VATICAN CITY (VATICAN CITY)
New York Times [New York NY]

January 10, 2023

By Natasha Frost and Damien Cave

[Note from BishopAccountability.org – For more on the allegations against Pell, as well as his trial, see our summary and our detailed timeline: Timeline of the Allegations and Prosecution Faced by Cardinal George Pell.]

An adviser to Pope Francis and a prominent figure in Australia, Cardinal Pell went to prison on charges of abusing two boys in the 1990s, but a higher court later acquitted him.

Cardinal George Pell, an Australian cleric and adviser to Pope Francis who became the most senior Roman Catholic prelate to be sent to prison for child sexual abuse and was later acquitted of all charges, died on Tuesday in Rome. He was 81.

The cause was complications of hip replacement surgery, according to Peter Comensoli, the archbishop of Melbourne, Australia, who confirmed the death in a post on Twitter. Cardinal Pell had gone to Rome to attend the funeral last week of Pope Benedict XVI.

For decades, Cardinal Pell was one of Australia’s most powerful religious figures. A former athlete with a formidable intellect and a combative streak, he was a conservative voice heard regularly in the media, strongly opposing abortion while defending the church against accusations of child abuse as the archbishop of the Melbourne diocese and then the Sydney diocese.
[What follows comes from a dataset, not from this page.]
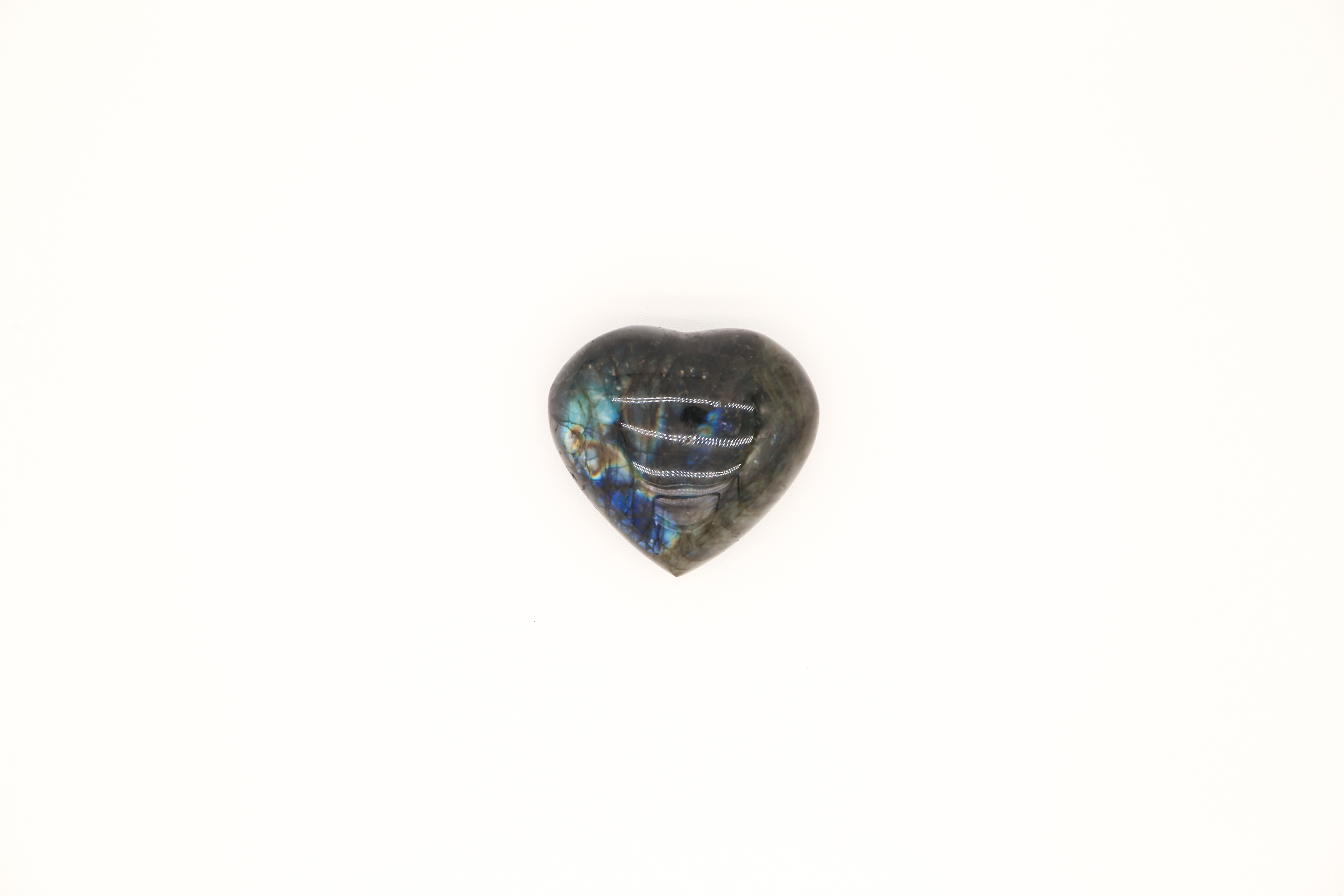 Small Labradorite Heart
For many Australian Catholics, Cardinal Pell’s personal journey, from his origins in the tiny town of Ballarat to his stratospheric rise through the ranks of the Vatican, had at one time been personally inspirational, said the journalist Lucie Morris-Marr, the author of “Fallen: The Inside Story of the Secret Trial and Conviction of Cardinal George Pell.”

“He was really seen as a success story, a superstar, in effect,” Ms. Morris-Marr said. “But of course, the trajectory of his career and reputation have been terribly, irrevocably damaged, because of the child abuse allegations.”
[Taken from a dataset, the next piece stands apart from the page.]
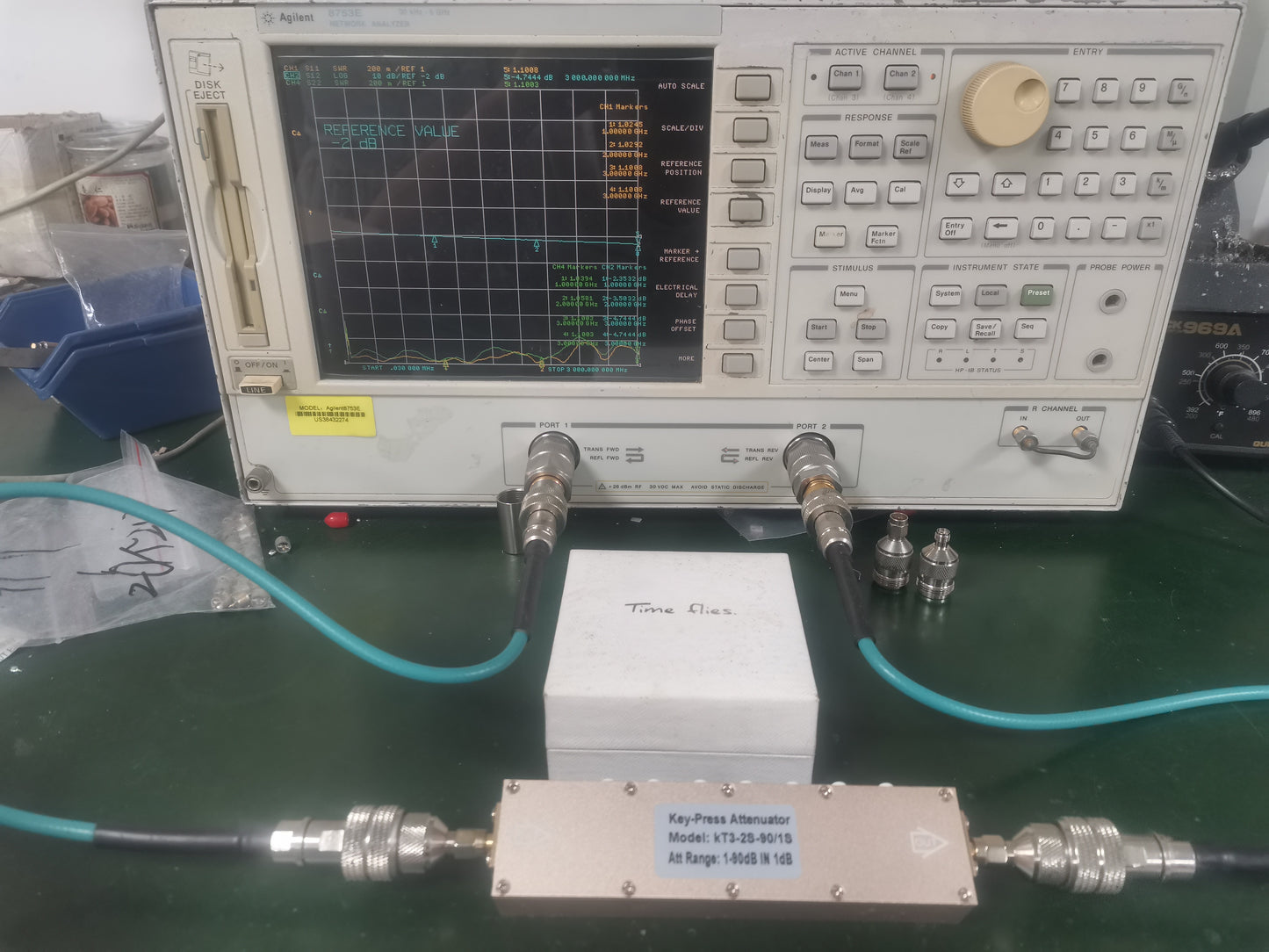 2W/5W 8 key Press SMA-KK 60dB 90dB Variable RF Attenuator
From 2014 to 2019, Cardinal Pell was the church’s financial czar and third-in-command, and he tried to push through reforms to make its finances more transparent. Those efforts were truncated in 2017, when he was forced to return to Australia to face trial on charges of sex abuse dating to the 1990s. The case transfixed Australia — cameras met Cardinal Pell at the airport when he arrived from Rome.
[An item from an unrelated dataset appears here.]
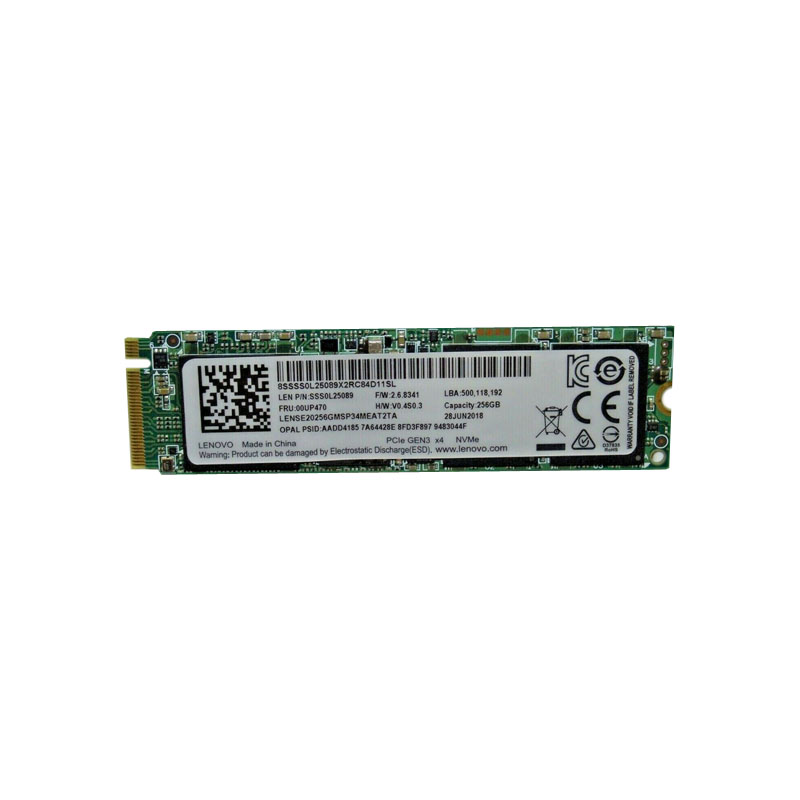 Lenovo 00UP470 - 256GB PCIe NVMe SSD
In December 2018, he was convicted by an Australian jury of five counts of child sexual abuse of two choir boys that were said to have occurred in 1996, during his time in Melbourne. Less than two years later, in April 2020, Australia’s highest court overturned the conviction, saying that there was “a significant possibility” that he was not guilty.

Throughout the proceedings, Cardinal Pell maintained his innocence. At a news conference in Rome in 2017, he said he had been a victim of “relentless character assassination.” He said, “The whole idea of sexual abuse is abhorrent to me.”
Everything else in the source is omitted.